L’Atelier Perraudin a obtenu le Grand Prix national de l’architecture 2024, pour lequel il avait été nommé à quatre reprises. Comment avez-vous accueilli cette distinction ?
Gilles Perraudin : Avec plaisir ! Mais il faut être persévérant. Il y avait de très belles équipes en lice cette année. Il faut croire que le jury a considéré que nous étions les meilleurs ! Je pense que notre travail a été récompensé pour l’attention portée au développement durable, aux matériaux, à l’écologie, au savoir-bâtir. Et aussi pour notre engagement en faveur d’un futur heureux de l’architecture, un thème rarement abordé, mais qui m’est cher. L’architecture doit apporter du bonheur à ceux qui vivront dans nos bâtiments.
La cérémonie de remise du prix, le 4 février dernier, a donné l’occasion à la ministre de la Culture de relancer la stratégie nationale pour l’architecture (SNA). Que pensez-vous de ses annonces ?
G.P. : J’ai rencontré beaucoup de lauréats antérieurs à l’occasion de la cérémonie et il est dommage qu’ils n’aient pas été consultés pour cette SNA… Depuis ma campagne, je suis un peu éloigné de ces questions ministérielles. On fait notre travail. J’ai simplement tenu à dire en quelques mots comment je voyais les choses. Il nous avait été demandé de nous exprimer brièvement. Cinq minutes…

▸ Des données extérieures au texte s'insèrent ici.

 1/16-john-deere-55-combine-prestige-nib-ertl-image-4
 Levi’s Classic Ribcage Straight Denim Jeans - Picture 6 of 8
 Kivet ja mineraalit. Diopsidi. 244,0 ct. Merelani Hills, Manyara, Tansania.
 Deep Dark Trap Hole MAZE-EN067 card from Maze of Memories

Jean-Manuel Perraudin : Dans les annonces de la ministre, il a été question de lutter contre les déserts architecturaux. Il y a pourtant de très bons architectes partout en France, y compris dans la ruralité. J’ai été étonné que le ministère de la Culture célèbre l’excellence de l’architecture française et, dans le même temps, invite les stars internationales sur les derniers concours, même les plus petits. Nous avions répondu à la consultation pour le portail de la cathédrale d’Angers, remportée par Kengo Kuma avec un projet en béton préfabriqué. Ce projet aurait pu être une démonstration extraordinaire du savoir-faire français sur la construction en pierre… L’ambassade du Royaume-Uni à Paris a récemment fait la promotion de ses agences, souvent de grosses structures. Pour ma part, je n’ai jamais été invité à une seule consultation outre-Manche.
A ce sujet, que pourrait faire le ministère de la Culture ?

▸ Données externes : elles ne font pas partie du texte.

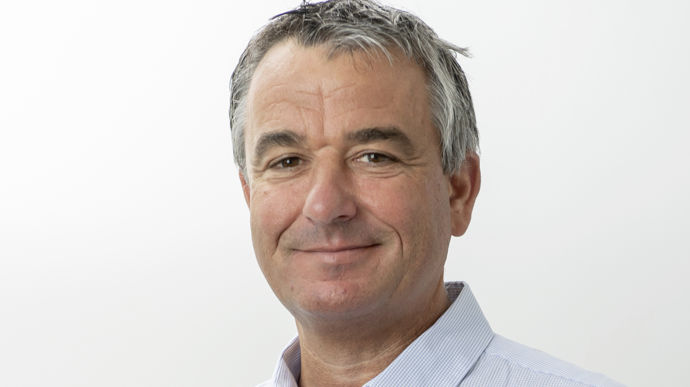 Pascal Dupeyron, directeur de la filière viticole de Vivadour, annonce que l'unité de désalcoolisation sera opérationnelle fin 2024.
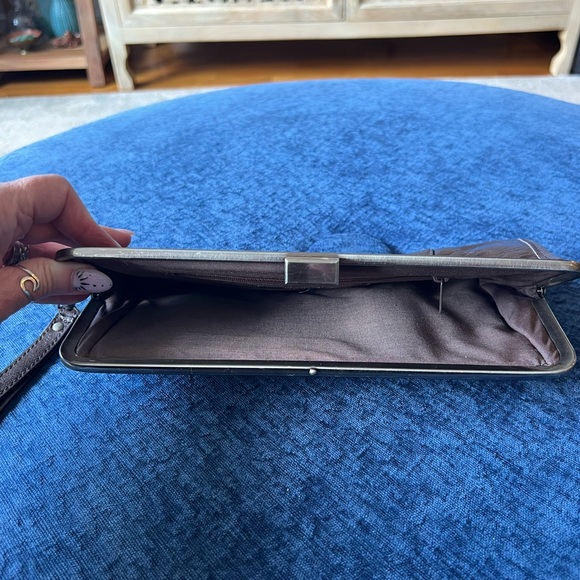 Kenneth Cole Reaction Brown Leather Frame Clutch Wristlet Kiss Lock Bag - Picture 10 of 14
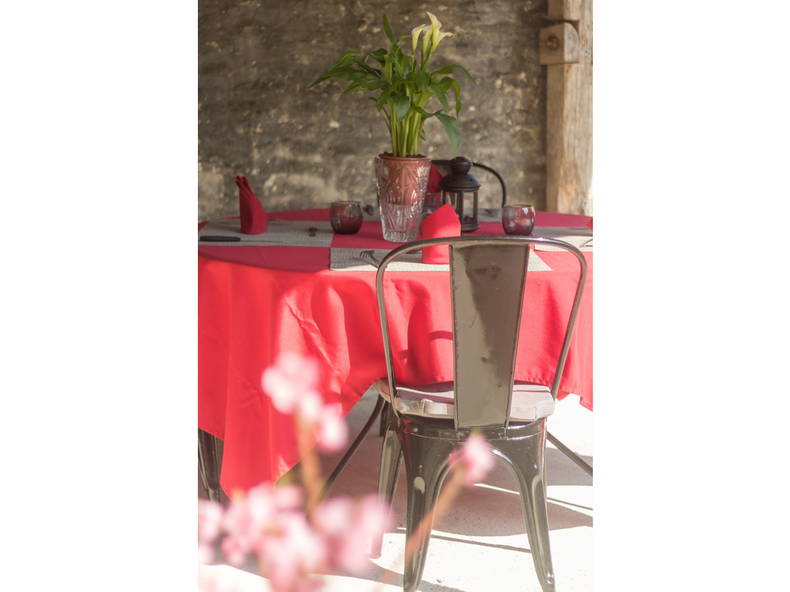 Entire Home Moloy 32244-2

G. P. : La tutelle pourrait aider les architectes à s’exporter. Nous ne bénéficions d’aucun soutien. Nous ne sommes jamais consultés sur les bâtiments publics. La SNA est une liste de bonnes intentions. Pour revenir aux déserts architecturaux, la France est couverte de maisons et de châteaux magnifiques, et on va aller dire aux maires comment penser la bonne architecture ? C’est contre-productif, ça risque de provoquer une réaction à des diktats venus d’en haut… La SNA propose aussi d’augmenter le nombre d’étudiants. C’est les envoyer au casse-pipe ! Il faut surtout leur donner du travail. La moitié de la profession est au SMIC horaire. Les agences fonctionnent avec des bouts de ficelle. Les conditions d’exercice se sont terriblement dégradées. Il y a de moins en moins de commandes publiques, c’est le privé qui a en charge la majorité de ce qui se construit. L’architecte est livré pieds et poings liés aux intérêts économiques. Son intervention est ramenée à une simple expression spectaculaire… Lors des concours de maîtrise d’œuvre, les critères de sélection ne sont plus des critères de qualité architecturale, mais des critères financiers.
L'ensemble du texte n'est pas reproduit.